That’s a check in the ‘weakness’ category for Froome.
From a strategic standpoint, the Tour’s five early mountain stages are likely to force teams to consolidate their GC ambitions around one or maybe two riders. That does not bode well for Froome. Team Sky/Ineos has dominated the last seven of eight Tours by rallying its collective strength around one — and only one — GC rider. What does that mean? Should Bernal eke out a time gap on the stage 4 summit finish to Orcières-Merlette, or squeeze out some valuable seconds on stage 8 in the Pyrénées, Froome could become resigned to domestique duty after just a few days.
His best bet could be to try and hang inside the top-five until the final time trial, and then hit the afterburners to win. It’s an unlikely scenario.
And let’s not forget the mighty question mark hanging over Froome’s head. On paper, Froome has the skills to climb and descend and time trial better than just about anyone in the race.
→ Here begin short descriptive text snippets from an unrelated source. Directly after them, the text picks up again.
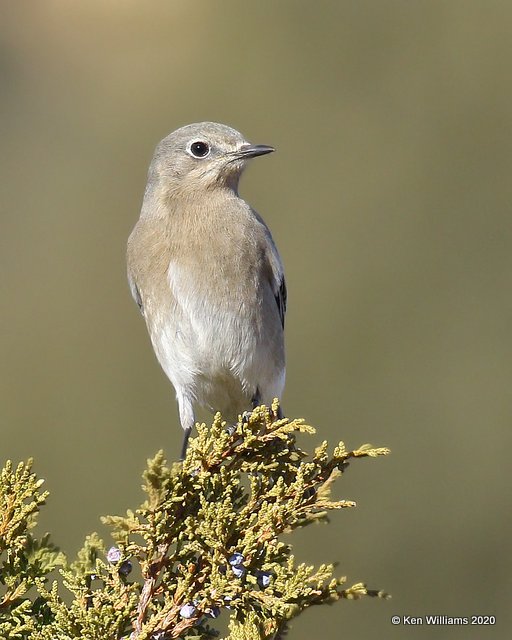 Mountain Bluebird female, Cimarron Co, OK, 2-2-20, Jpa_08119.jpg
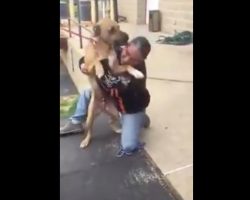 (Video) Watch This Dog’s Tear Jerking Reaction to Being Reunited With His Owner After Being Away From Him for Two Years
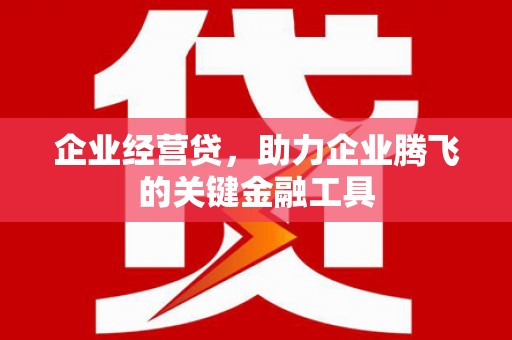 长寿企业经营贷，助力企业腾飞的关键金融工具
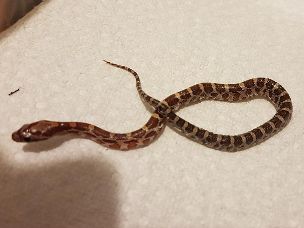 HATCHLING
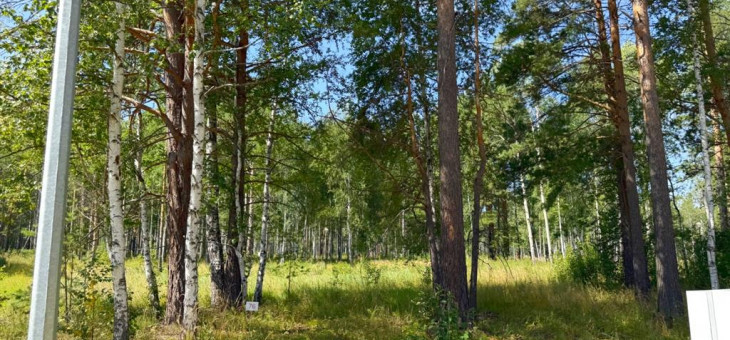 Участок № 76 в поселке Гранат, площадь 9.65 соток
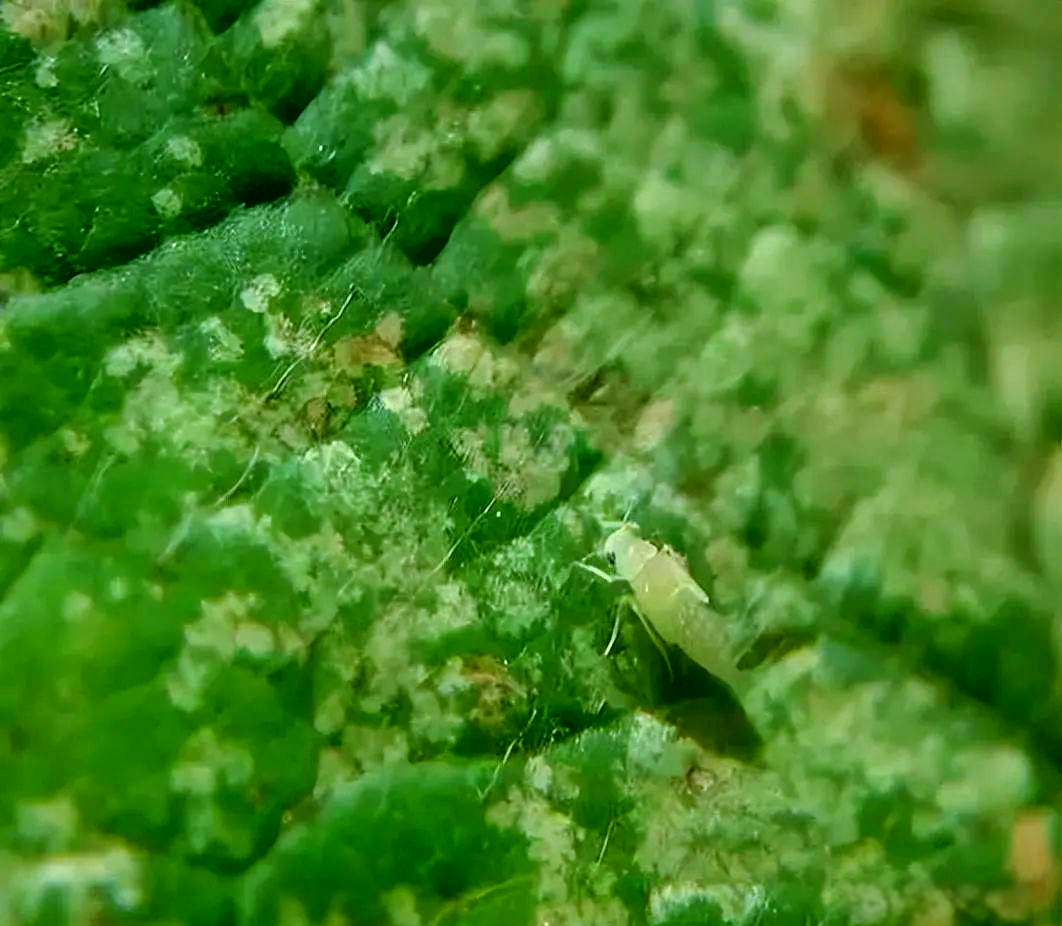 葡萄种植的虫害防治全攻略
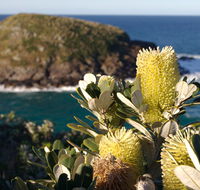 Green Island walking track - Accommodation Rockhampton
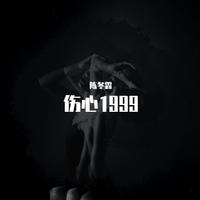 伤心1999（王杰带主旋律伴奏）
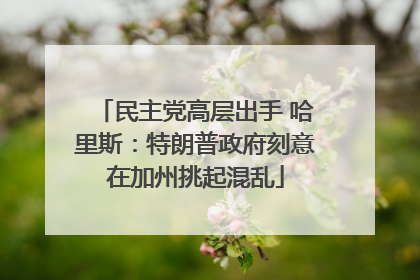 民主党高层出手 哈里斯：特朗普政府刻意在加州挑起混乱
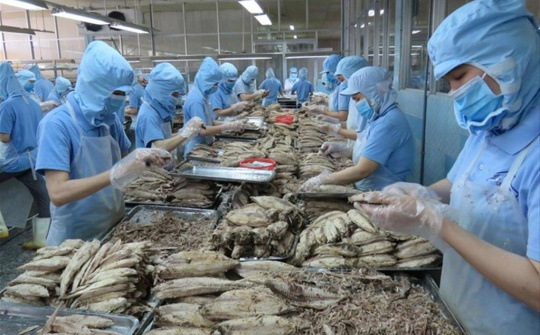 Hỗ trợ doanh nghiệp thủy sản Việt Nam tìm kiếm đối tác tại thị trường RCEP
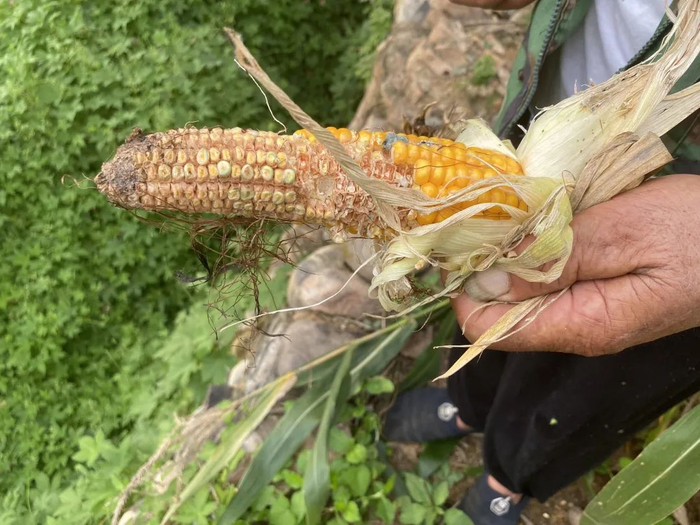 ▲郭振富展示被野猪啃食的玉米。新京报记者 张熙廷 摄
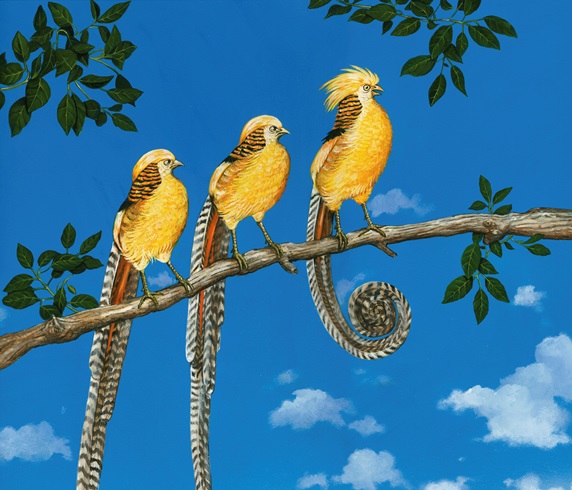 Yellow golden pheasant standing out from others on branch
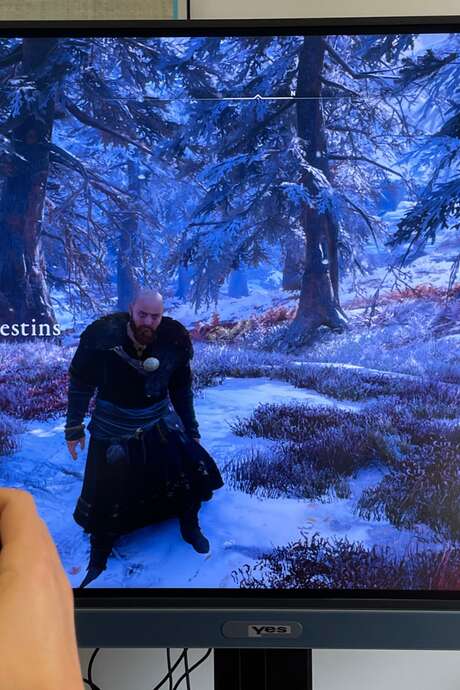 Atelier numérique : Viking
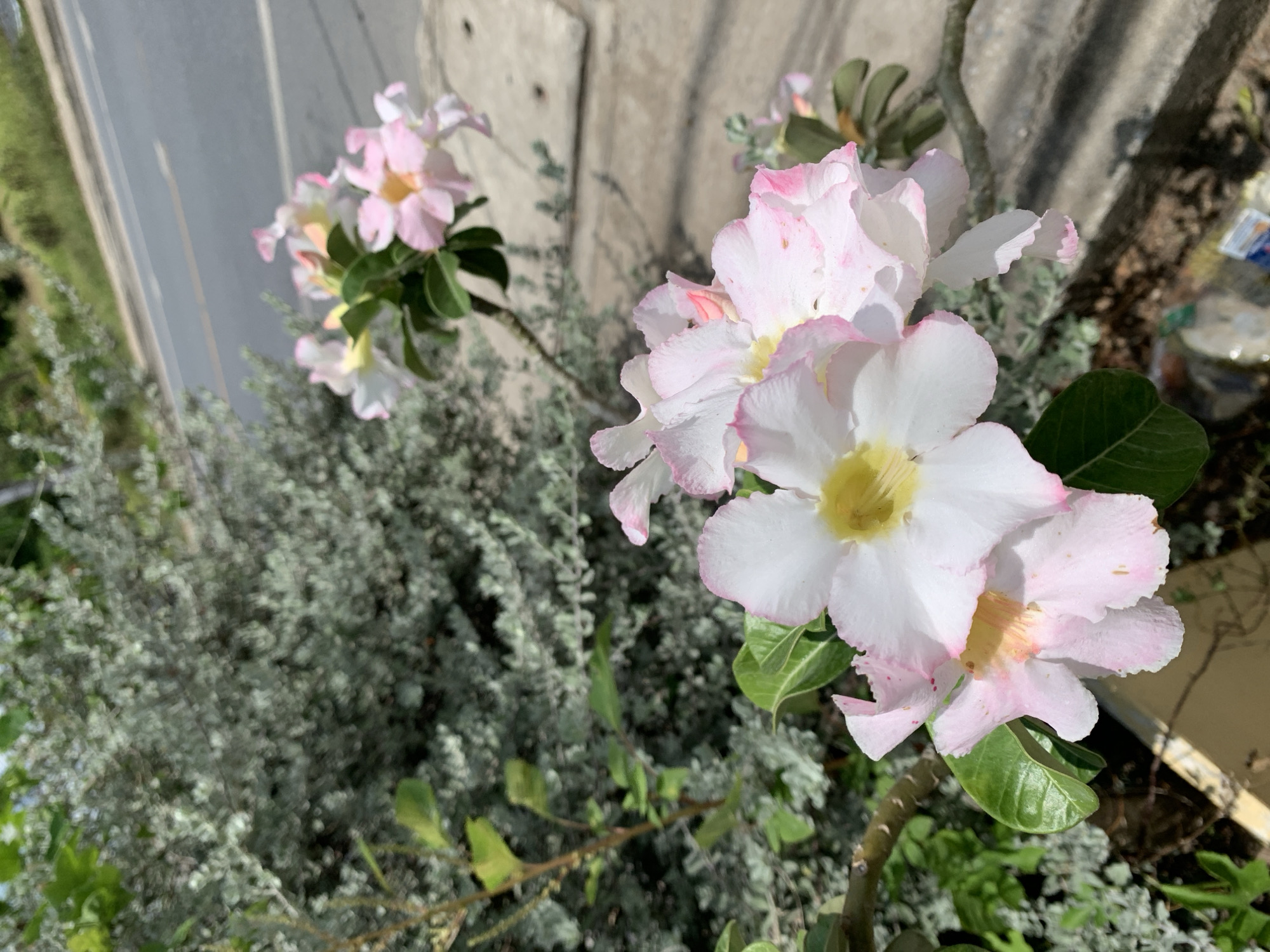The image depicts a cluster of Desert Rose flowers (Adenium obesum) with white petals and pink edges in a garden setting. The flowers are the primary focus, with several blooms in varying stages of opening. Green leaves are visible around the flowers, and there's a ground cover of silvery-grey foliage underneath the plant. The background includes a weathered concrete wall and a hint of a road or pathway, suggesting an urban or suburban environment. Debris, including a clear plastic bottle, can be seen near the plants on the right-hand side. The composition suggests the photo was taken in Baan Tai, Thailand, based on the local foliage and typical architectural elements. The scene appears to be a close-up of a garden bed near an urban area.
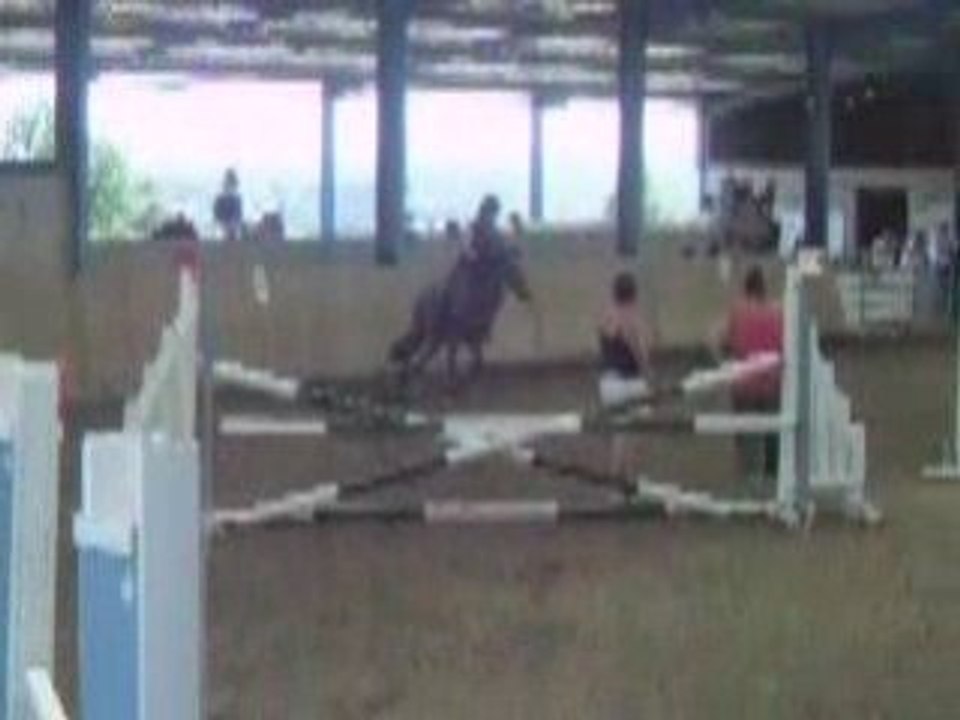 Concours CSO au Domaine du Treuil [le 29 Juin 2008]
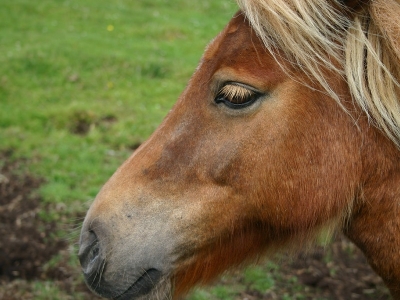 Ponyreiten Vielha/viella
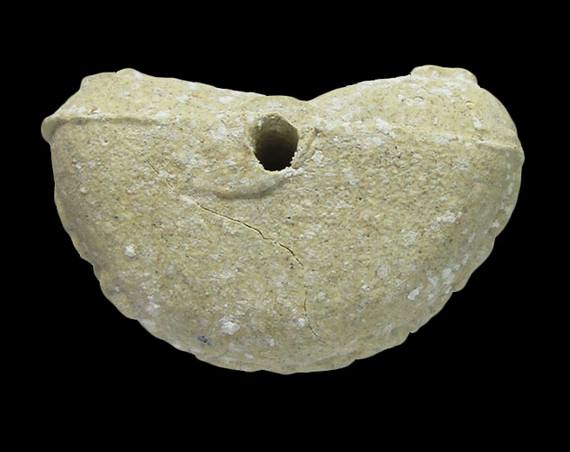 พระปิดตา "รุ่นเงินมา" หลวงปู่หมุน ฐิตสีโล อายุ 105 ปี วัดบ้านจาน จ.ศรีษะเกษ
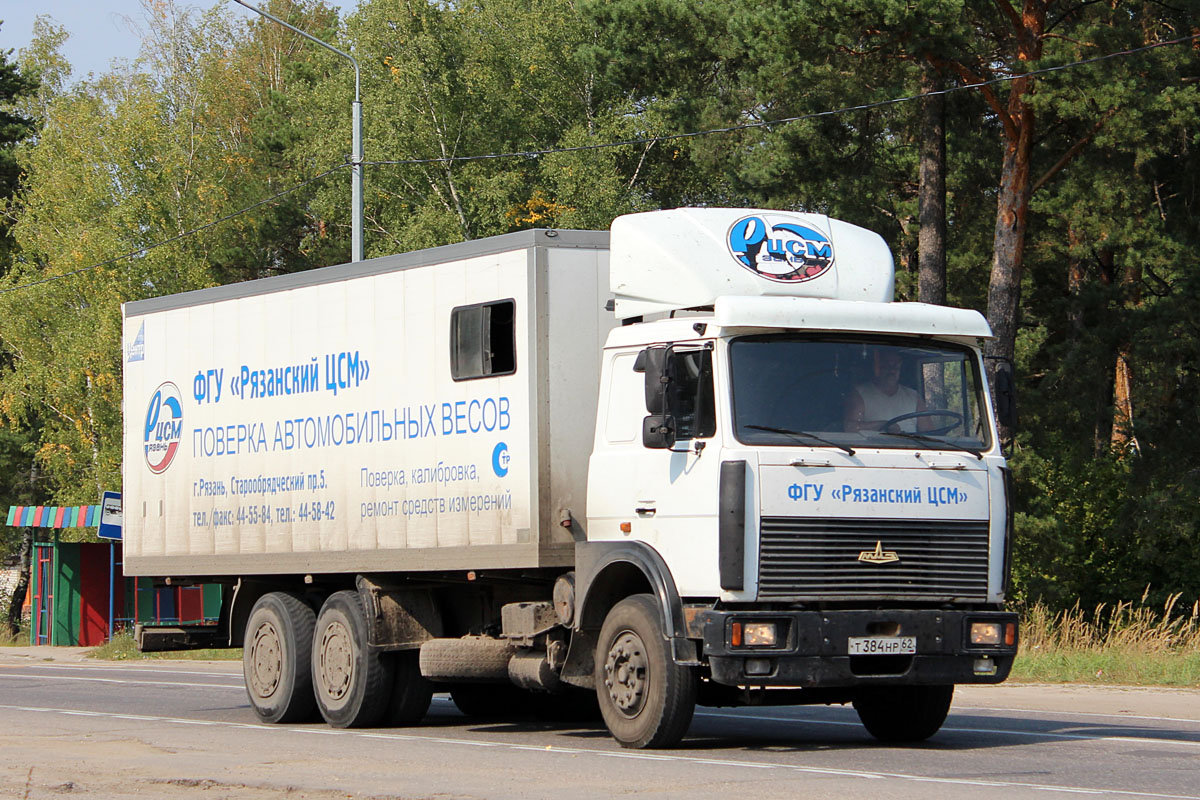 Рязанская область, № Т 384 НР 62 — МАЗ-6303A5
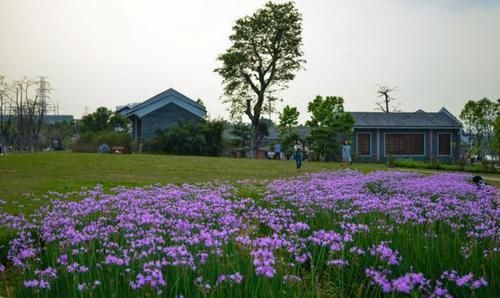 广州海珠湖湿地公园的春天,风景美如画更如诗.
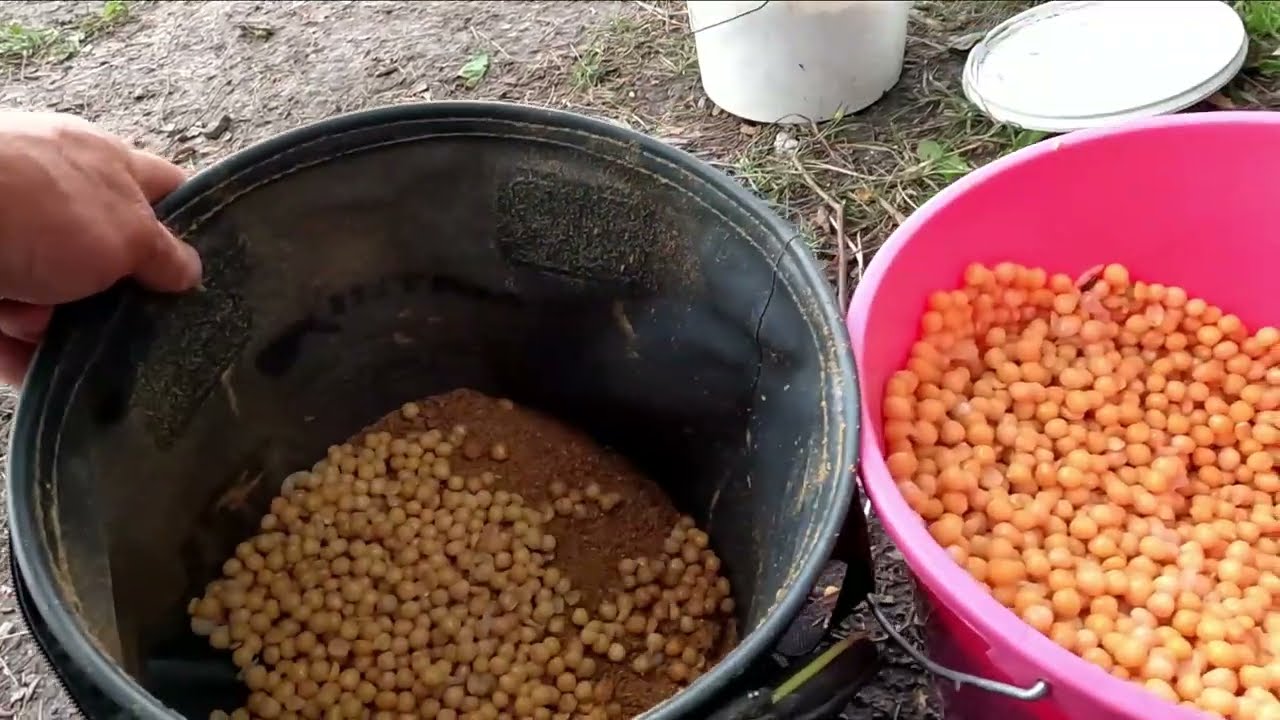 Karšiu žvejyba.Ežere boiliukais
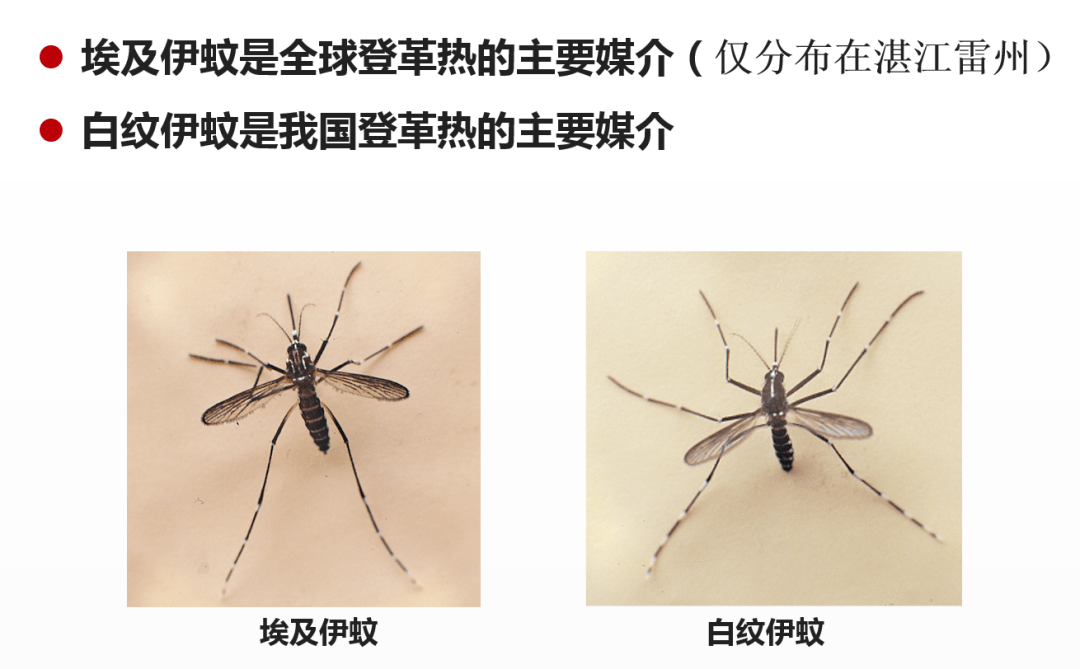 白纹伊蚊雌雄辨别图片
The unfortunate truth is that nobody — not even Froome — knows how his body will hold up under three weeks of racing in 2020, just one year after his scary crash at the Critérium du Dauphiné.
Weakness — check.
If the deck feels stacked against Froome, the storylines following him into this race are ones for the ages. Froome is just one win away from joining the Tour’s all-time greats. He’s just thumbed his nose at the institution that — opinions vary here — either carried him, or he carried, to victory all of these years. In just a few months Froome will don the jersey of Israel Start-Up Nation, and try to dethrone his former team. And in my estimation, he will be crushed by Bernal and Team Ineos’s thumping tempo, similar to how Quintana, Nibali and Alberto Contador were squashed for years and years.
This 2020 Tour represents his best opportunity to win.
In a sense, Froome’s legacy this year is butting heads with the legacy of his longtime boss, David Brailsford, who undoubtedly wants the history books to someday label this the Sky/Ineos era, and not the Chris Froome age. A fifth Froome win points the history books one way, while a second Bernal win points history in the other direction.
And again, Froome is embarking on this Tour after a year away from the races. The last time we saw him battle other riders with the yellow jersey on the line, he yo-yoed off the back of favorites on the slopes of the Col du Soulor. Sorry, I don’t count Froome’s 71st place at February’s UAE Tour as a real result. His last meaningful mark was third at the 2018 Tour de France.
Hey, I understand that my newfound Froome fandom is likely to be an unpopular take. For the umpteenth time, fans during the upcoming Tour will complain about his pedaling style and his awkward position on the bicycle. They will joke about his inhaler usage and become enraged whenever the word ‘salbutamol’ is uttered. It’s cycling, after all, and fans are going to cheer, and haters are going to hate.
Still, cheering for Froome in 2020 just isn’t the same as rooting for him in 2017. When you add things up, Froome has plenty of checkmarks in the ‘weakness’ category, for the first time in years. And, to be fair, I count my personal rooting interest in him as one such disadvantage. For whatever reason, I always end up cheering for riders that lose the Tour de France.
Maybe that’s because I’ve never cheered for Chris Froome.